In an accompanying article, Youssef—who will present about Workweek’s content-creator-led strategy at BIMS 2023 in Orlando, Feb. 23-24—offered three tips for improving your employee onboarding: 1) “Define your culture, mission and vision: What exactly are employees doing here and why does it matter?”; 2) “Have a plan for the first 30, 60, 90 days”; and 3) “Survey: the first 30, 60, 90 days should conclude with a survey at each milestone. While that feels like a lot of surveys, this time is the most crucial to get right! If something is not going well at the 30 day mark, you still have the opportunity to make some improvements.”

Interestingly, I wanted to write about member/subscriber onboarding. But when I read Youssef’s advice, it’s not really that different. You should be defining yourselves to the new member in terms of the opportunities available to them to engage. And “have a plan” is pretty obvious.
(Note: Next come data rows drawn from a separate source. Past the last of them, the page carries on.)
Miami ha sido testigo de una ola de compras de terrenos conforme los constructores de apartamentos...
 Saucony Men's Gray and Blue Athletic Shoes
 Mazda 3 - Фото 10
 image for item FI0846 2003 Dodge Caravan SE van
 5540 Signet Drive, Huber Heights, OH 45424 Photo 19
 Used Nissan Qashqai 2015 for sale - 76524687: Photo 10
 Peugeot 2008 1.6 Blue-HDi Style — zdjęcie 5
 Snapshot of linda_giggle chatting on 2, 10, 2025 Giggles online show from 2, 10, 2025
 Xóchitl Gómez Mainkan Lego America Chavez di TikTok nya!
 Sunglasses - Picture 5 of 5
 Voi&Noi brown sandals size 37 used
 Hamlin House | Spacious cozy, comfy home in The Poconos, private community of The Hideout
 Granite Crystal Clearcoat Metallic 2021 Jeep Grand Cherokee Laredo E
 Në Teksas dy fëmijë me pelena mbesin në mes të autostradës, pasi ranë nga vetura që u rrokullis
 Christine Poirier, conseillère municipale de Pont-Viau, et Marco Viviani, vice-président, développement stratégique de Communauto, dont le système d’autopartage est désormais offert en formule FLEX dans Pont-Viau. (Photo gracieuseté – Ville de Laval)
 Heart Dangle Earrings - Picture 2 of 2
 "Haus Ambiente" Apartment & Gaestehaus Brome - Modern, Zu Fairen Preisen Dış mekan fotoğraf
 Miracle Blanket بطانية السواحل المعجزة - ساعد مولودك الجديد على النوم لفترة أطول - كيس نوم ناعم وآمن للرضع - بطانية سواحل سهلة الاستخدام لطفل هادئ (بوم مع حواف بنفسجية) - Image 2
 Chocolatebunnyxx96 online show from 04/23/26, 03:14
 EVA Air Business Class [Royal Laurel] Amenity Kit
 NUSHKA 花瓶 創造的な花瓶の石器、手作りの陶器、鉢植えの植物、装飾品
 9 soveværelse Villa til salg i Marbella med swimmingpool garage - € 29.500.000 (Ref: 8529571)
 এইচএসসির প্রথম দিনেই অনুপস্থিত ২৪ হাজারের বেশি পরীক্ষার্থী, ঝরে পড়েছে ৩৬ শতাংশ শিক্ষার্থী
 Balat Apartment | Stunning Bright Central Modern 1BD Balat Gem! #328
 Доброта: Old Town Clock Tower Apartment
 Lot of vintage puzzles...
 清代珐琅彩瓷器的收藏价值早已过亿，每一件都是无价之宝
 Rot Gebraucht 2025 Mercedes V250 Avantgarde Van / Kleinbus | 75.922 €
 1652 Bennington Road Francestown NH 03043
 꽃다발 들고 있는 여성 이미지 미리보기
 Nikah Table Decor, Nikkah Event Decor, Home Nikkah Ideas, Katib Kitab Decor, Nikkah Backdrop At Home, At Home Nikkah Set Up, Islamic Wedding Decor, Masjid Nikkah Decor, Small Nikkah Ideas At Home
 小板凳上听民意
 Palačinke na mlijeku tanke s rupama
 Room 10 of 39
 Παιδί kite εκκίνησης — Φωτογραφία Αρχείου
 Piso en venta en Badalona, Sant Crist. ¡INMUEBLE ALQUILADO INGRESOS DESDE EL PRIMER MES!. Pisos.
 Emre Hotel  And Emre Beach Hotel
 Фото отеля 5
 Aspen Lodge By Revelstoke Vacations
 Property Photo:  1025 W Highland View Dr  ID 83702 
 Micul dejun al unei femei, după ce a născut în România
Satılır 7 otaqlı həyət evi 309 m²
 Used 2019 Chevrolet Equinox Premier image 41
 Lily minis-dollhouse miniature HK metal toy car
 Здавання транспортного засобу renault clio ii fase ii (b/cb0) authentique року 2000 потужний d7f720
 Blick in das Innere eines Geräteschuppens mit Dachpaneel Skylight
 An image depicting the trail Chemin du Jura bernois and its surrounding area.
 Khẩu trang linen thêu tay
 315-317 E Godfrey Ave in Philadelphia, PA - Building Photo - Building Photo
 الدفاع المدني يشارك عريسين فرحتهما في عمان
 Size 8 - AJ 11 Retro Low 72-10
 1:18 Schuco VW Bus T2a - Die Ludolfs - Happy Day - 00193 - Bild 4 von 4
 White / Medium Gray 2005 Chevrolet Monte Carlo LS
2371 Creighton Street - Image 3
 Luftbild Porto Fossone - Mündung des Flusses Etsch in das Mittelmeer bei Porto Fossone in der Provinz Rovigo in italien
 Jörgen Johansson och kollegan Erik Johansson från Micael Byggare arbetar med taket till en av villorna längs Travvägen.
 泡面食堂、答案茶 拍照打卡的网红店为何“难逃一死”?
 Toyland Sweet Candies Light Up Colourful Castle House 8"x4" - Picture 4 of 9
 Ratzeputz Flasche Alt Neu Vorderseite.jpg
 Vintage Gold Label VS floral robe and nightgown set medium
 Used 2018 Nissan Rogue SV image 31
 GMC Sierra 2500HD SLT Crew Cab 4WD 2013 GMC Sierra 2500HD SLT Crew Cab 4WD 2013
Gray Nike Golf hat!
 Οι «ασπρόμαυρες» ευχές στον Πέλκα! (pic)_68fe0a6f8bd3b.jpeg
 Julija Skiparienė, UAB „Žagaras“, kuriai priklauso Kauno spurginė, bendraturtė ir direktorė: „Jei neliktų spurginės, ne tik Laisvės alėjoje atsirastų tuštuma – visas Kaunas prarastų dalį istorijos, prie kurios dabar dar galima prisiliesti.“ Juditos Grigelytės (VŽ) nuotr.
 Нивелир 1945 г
The idea of surveying may, as she writes, feel heavy but better early in a membership or subscription than late, right? And I’ve found that reaching out in a caring, non-intrusive way is never a bad thing.

That also leads to the first of six more tips for onboarding:

Monitor early. “If a subscriber doesn’t have at least 10 page views a month, we run campaigns to engage with them, send them letters from the editor and the CEO, try to understand what they are looking for, and make relevant changes,” said Vaibhav Khanna, senior manager, subscription growth, for The Indian Express and formerly Bloomberg Quint. In a retention study last year from the American Press Institute, the biggest gap between what publishers deem valuable and what they aren’t doing well is in identifying at-risk subscribers—83.5% to 19%. The next two are using metrics to evaluate churn—82.6% to 28%.—and track what subscribers read—75.7% think it’s important but only 30% believe they are good at it.

Come up with clear questions to ask. Youssef suggests these—the brackets are how I would change it for subscribers/members:
I know what is expected of me [programs you offer];
I have the resources I need to successfully do my job [engage with you];
I understand the [your] company culture;
My goals [for our subscription/membership] are clearly defined;
My manager [contact with your organization] has set expectations about my role [our membership].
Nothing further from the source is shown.